A story of dragons and queens, warrior mages, and religious scholars literally spread across the four corners of the world, both books essentially focus on the age-old conflict between humankind and the monstrous servants of a great wyrm known as the Nameless One who sleeps at the center of the earth. The various legends surrounding his creation, eventual defeat, and subjugation all vary depending on the culture of the historians telling the story, but one thing is clear: The threat is ever present, and vigilance is required. (Though what those protective measures should be will also depend on who you ask.)
The history of the Nameless One and the various figures connected to his initial rise and defeat is but one example of Shannon’s rich, detailed worldbuilding throughout this series, which fuses half a dozen seemingly disparate kingdoms and central characters into a cohesive whole, grounding them in centuries of the sort of history and myth that feel as though they belong in a college-level antiquities class.

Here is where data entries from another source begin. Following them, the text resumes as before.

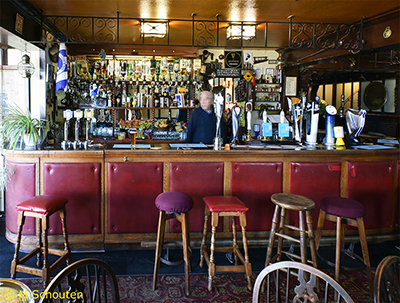 Lounge Bar 2.  by Michael Schouten. Published on 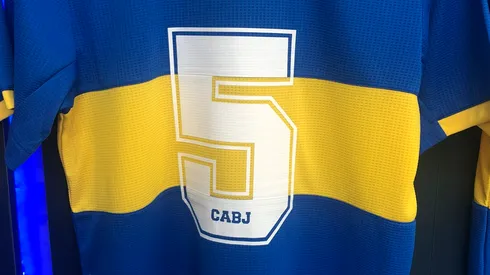 Inesperado: la 5 de Alan Varela en Boca tiene nuevo dueño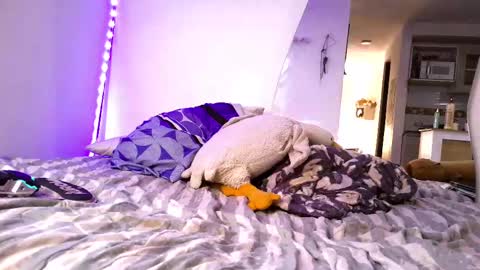 Snapshot of torino_19 chatting on September 29, 8:57 pm Enzo Moretti online show from September 29, 8:57 pm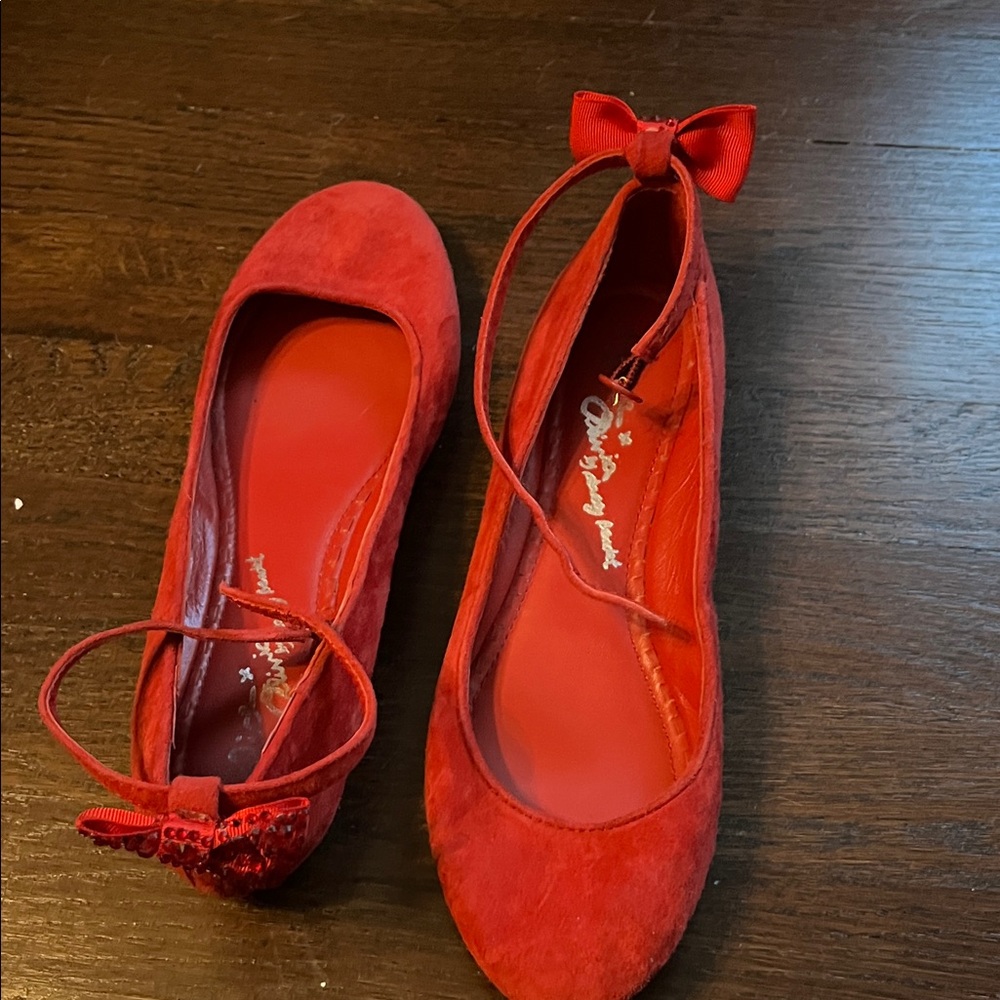 Alice + Olivia Red Flats with Bow Accent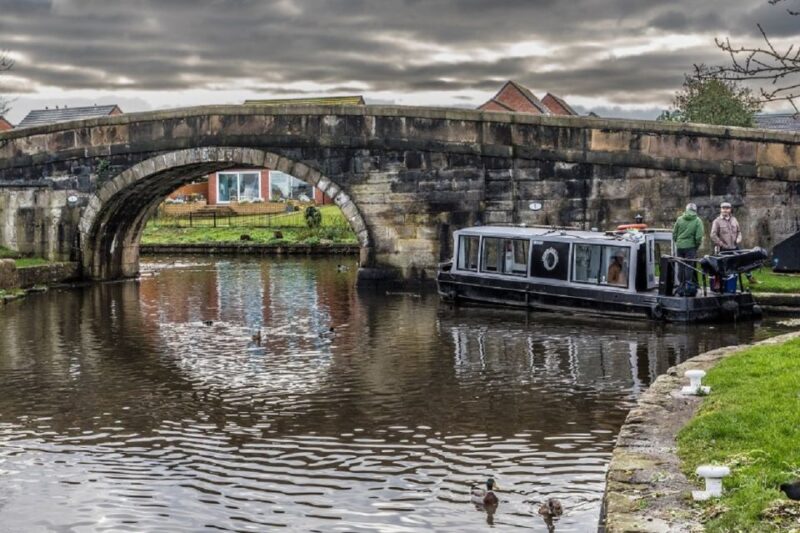 Lancashire: Sightseeing Canal Cruise on a Narrowboat - Discover the Charm of Burscough on a Narrowboat Cruise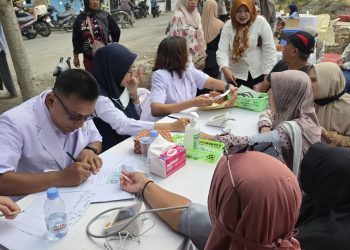 KAI Divre I Sumut Hadirkan Layanan Kesehatan Gratis bagi Warga di Serdang Bedagai, Bagi Kacamata Untuk 20 Anak Sekolah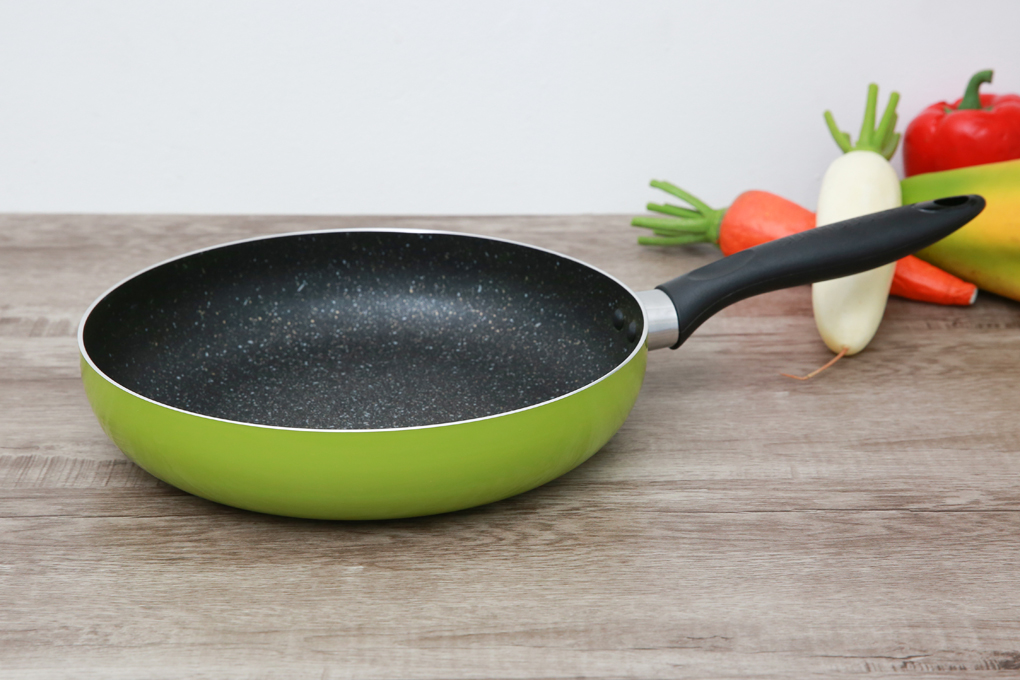 Chảo phủ sơn màu xanh lá cây trẻ trung, tươi sáng, đường kính 26 cm - Chảo chống dính đáy từ Sunhouse 26 cm SHG1126MG
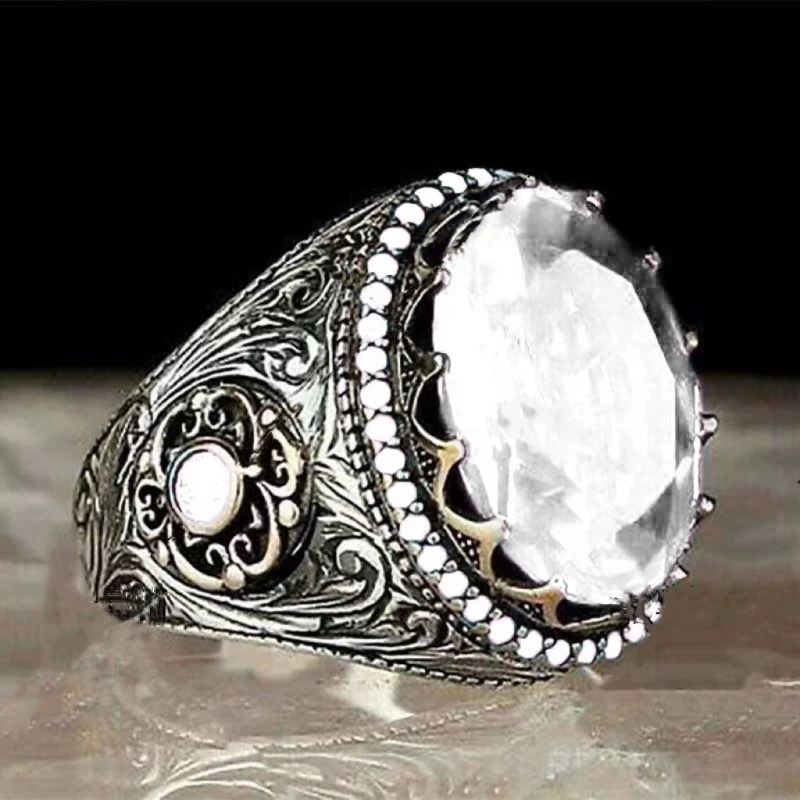 New Retro Men's Ring White Gemstone Inlaid Turquoise Punk Jewelry Gothic Jewelry Ancient Silver Fashion Temperament Wedding Ring
New Retro Men's Ring White Gemstone Inlaid Turquoise Punk Jewelry Gothic Jewelry Ancient Silver Fashion Temperament Wedding Ring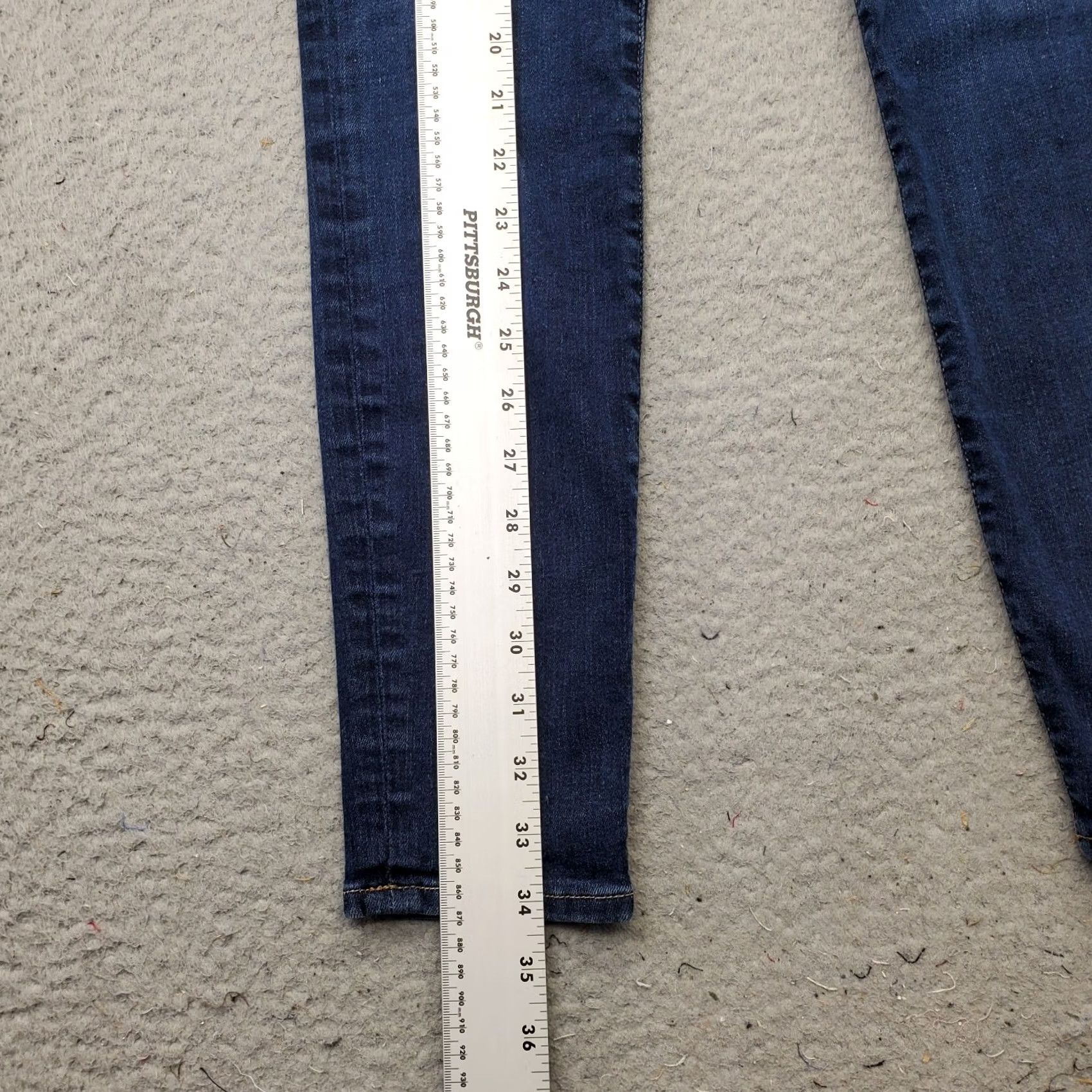 Frame Frame Women's Jeans 26 Blue Denim Frame Le High Cropped Stretch Skinny 5-Pocket Regular Waist Inseam 27.25" - 34.25" Outseam Size 26" / US 2 / IT 38 - 3 Thumbnail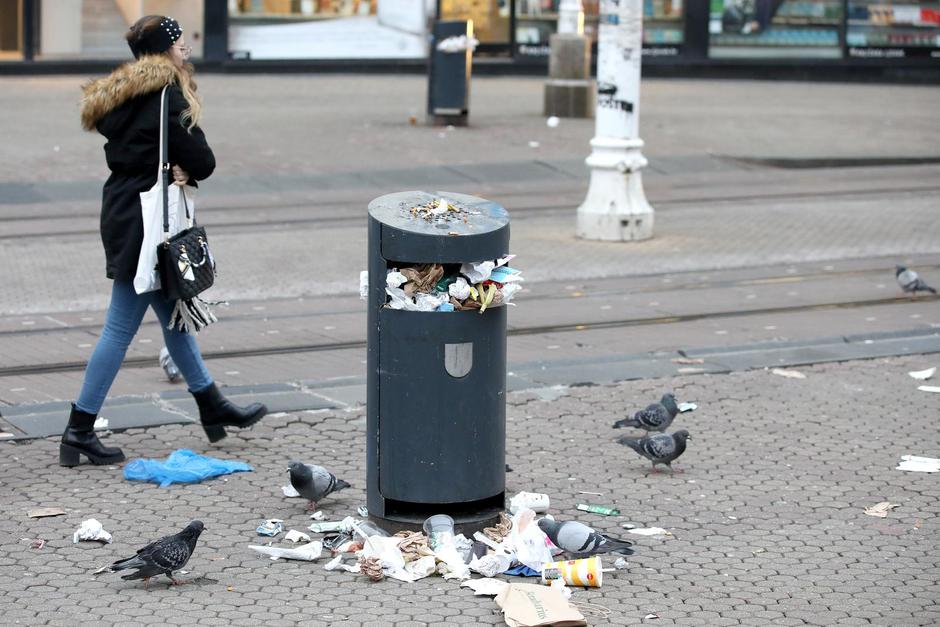 Zagreb: Strajk i dalje traje, smeca je sve vise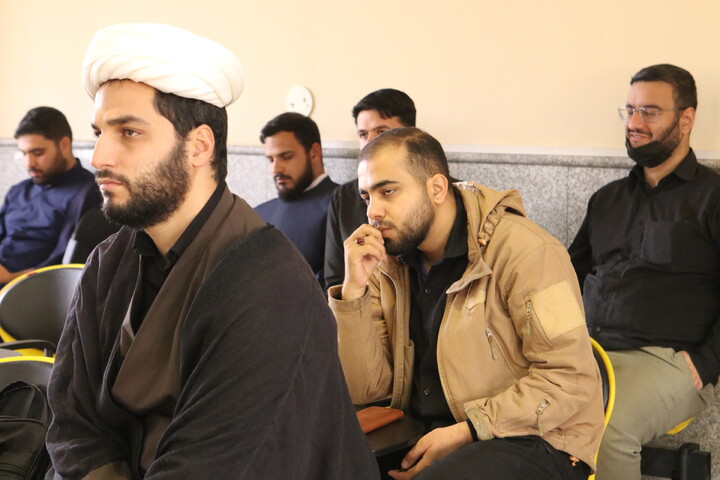 تصاویر/ برگزاری دوره مهارت سخنوری در همدان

“I’m going to completely horrify you by saying that I just have a really good memory,’ author Samantha Shannon laughs when asked how she keeps the specifics of her sprawling universe straight. “But in terms of worldbuilding—and I do this with my Bone Season series as well—the way I build worlds is essentially by asking myself questions and forcing myself to come up with the answers. It might be like, don’t know, says that you have a very cold country—how do people keep warm? Or vice versa for a hot country, how do they keep cool? If it’s a desert country, how are they getting water? I just keep asking myself questions and the more I come up with answers, hopefully, each one of those answers is like a little stitch in a tapestry, giving the world depth and texture. “
A Day of Fallen Night is technically a prequel to The Priory of the Orange Tree. Set centuries before the events of that novel during a tragic period known as the Grief of Ages, when deadly wyrms rise from the earth, leaving destruction and a deadly plague in their wake, its characters have long since passed into the realm of legend by the time Priory takes place. But for its author, setting A Day of Fallen Night in a time period so far removed from the events of the series’ first novel was strangely freeing.
“I think the temptation when you write a prequel, and I think Star Wars was guilty of this a little bit, is that you want the characters to be ready to be moved into their positions for the sequel as quickly as possible and so that’s how we end up with Ben Kenobi kind of sitting around in the Tatooine desert for presumably quite a long time,” she says. “But I didn’t really feel as much of a need to rush all of the characters into position for The Priory of the Orange Tree. I might have felt like that if the book was set, I don’t know, say a year or five years before, I would’ve felt more pressure to make the world by the end of this story, look like it does in Priory. But because it’s such a long time, I just had to get the world to a place where I felt comfortable.”
To be fair, Fallen Night does contain plenty of moments that will resonate with those that have read Priory and which will one day help create and inform the world of that novel.
“I do try to make connections with Priory—for example, you see the establishment of the Red Damsels in this book, you see the end of the Seiikinese monarchy when it’s replaced with the warlords,” Shannon explains. “But I didn’t feel the pressure to make it exactly the same, because 500 years is an immensely long time. And it felt like there was still so much more room for the world to develop and also just to recover from the Grief of Ages because it was such a cataclysmic event that it would take quite a long time for the world to get back to how it looks in Priory.”
Unexpectedly, perhaps, Shannon’s complex fantasy series takes the bulk of its inspiration from a famous real-world myth.
“In terms of actually coming up with the concept of this world, it stemmed from the fact that I love dragons,” Shannon says. “That started when I was really young because I watched this movie called Dragonheart that barely anyone has ever heard of. And then also I was raised in the Church of England, where the story of St. George and the Dragon came up quite a lot. He’s the patron saint of England and also this sort of military Christian saint, and I was really interested in that legend and where it came from.”
Her research led her through many versions of St. George’s story, which is a basic sort of damsel in distress tale, in which a handsome knight rescues a beautiful princess from a monster. But, Shannon says she was particularly interested in one version of the story which contained, as she puts it, “conditional heroism,” In which St. George promises to save the land being tormented by the dragon but only if its residents convert to Christianity.